Towards the end of the reign of Claudius, Gallio was proconsul of the newly-constituted senatorial province of Achaea sometime between A.D. 51 and 53. He was referred to by Claudius as “my friend and proconsul” in the Delphi Inscription, circa 52. After he retired from Achaia and due to a sickness (Seneca Epistles civ. 1), he returned to Rome.
His Judgement to Paul
Luke, in the book of Acts 18:12-17, recorded that the Jews in Corinth rose up against Paul and brought him to the judgment seat of Gallio. They said, “This fellow persuades men to worship God contrary to the law” (verse 13). The Jews’ goal was to obtain the apostle’s expulsion from the city.

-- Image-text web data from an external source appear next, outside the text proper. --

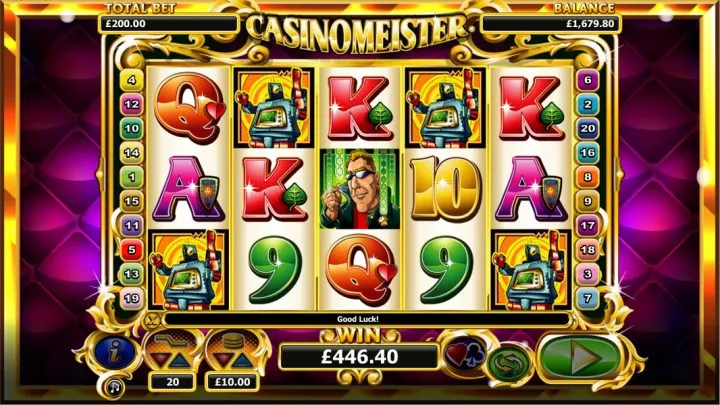 Casinomeister NextGen Gaming Screenshot free spins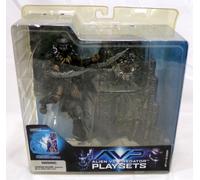 Playset Scar Predator AVP Alien Vs Predator Con Base Nuovo Sigillato 2005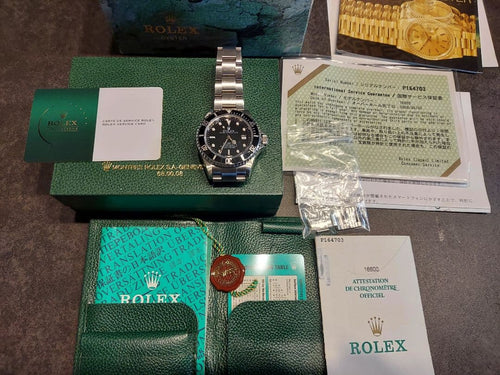 Rolex Automatic Watches Sea-Dweller 16600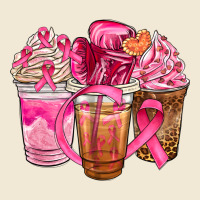 Breast Cancer Coffee Cups Ladies Tee | Teevron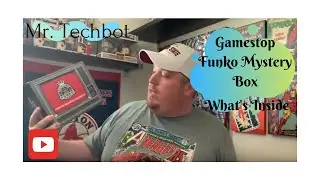 Gamestop 2018 Black Friday Funko Pop Mystery Box.  More than just Pops inside.  See what I get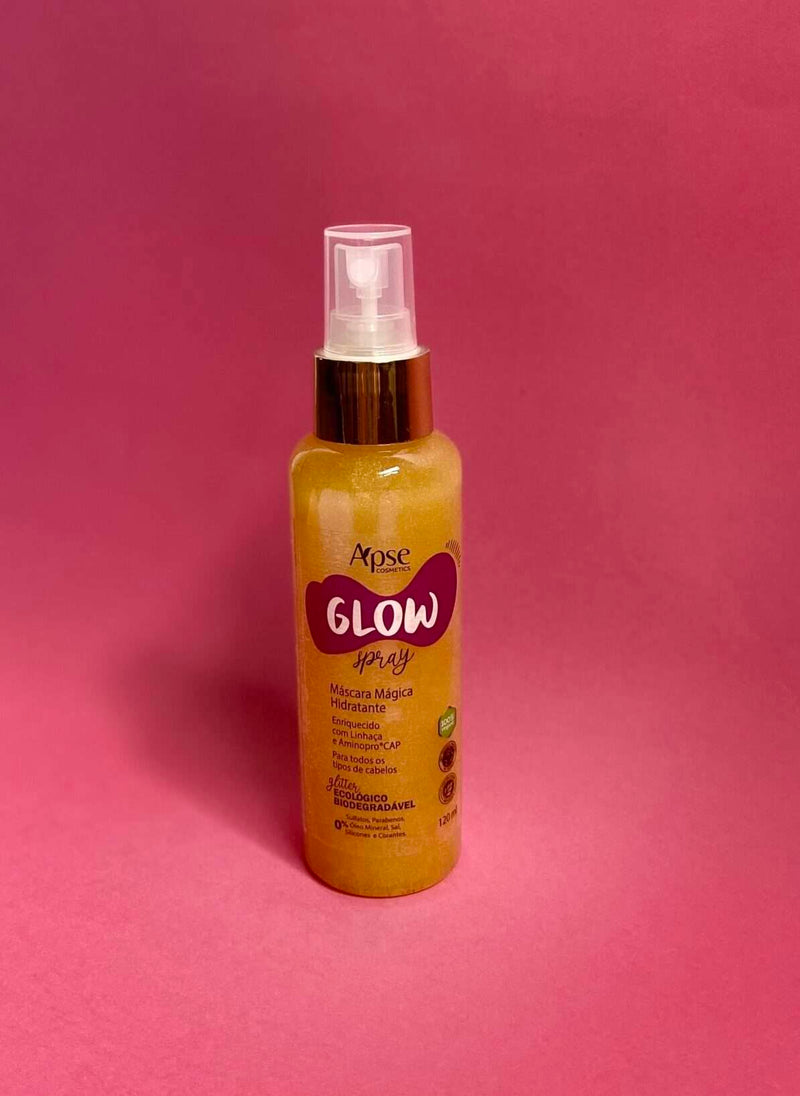 Glow Spray - Máscara Mágica Hidratante 120ml - Tratamento Condicionante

But Gallio said to the Jews, if it were a matter of wrongdoing, there would be reason for me to get involved. And he added, but if it is a question about your law, then handle it yourself. Then, he dismissed them (verse 14-16). The Roman governor saw that Jewish law rather than Roman law was concerned in this case, therefore, he refused to become involved.
Then, the Greeks followed Gallio’s tone of scorn. And they took Sosthenes, the ruler of the synagogue, and beat him before the judgment seat. They were angry because he raised a commotion in their city. The Roman governor took no notice of these things for he recognized the limits of his proper jurisdiction. And thus, providentially Gallio’s ruling set a model of tolerance that helped the spread of Christianity.
At first, Gallio gained the favor of Nero. But later, he lost the dictator’s approval. And based on one tradition, he was executed by him. Tacitus, however, wrote that he was “dismayed by the death of his brother Seneca” and pleaded with Nero for his life (Annals xv. 73; Loeb ed., Tacitus, vol. 4, p. 333). Another tradition states that he committed suicide in 65 AD at the age of 64. Vasily Rudich, Political Dissidence Under Nero: The Price of Dissimulation (Routledge, 1993) p.117.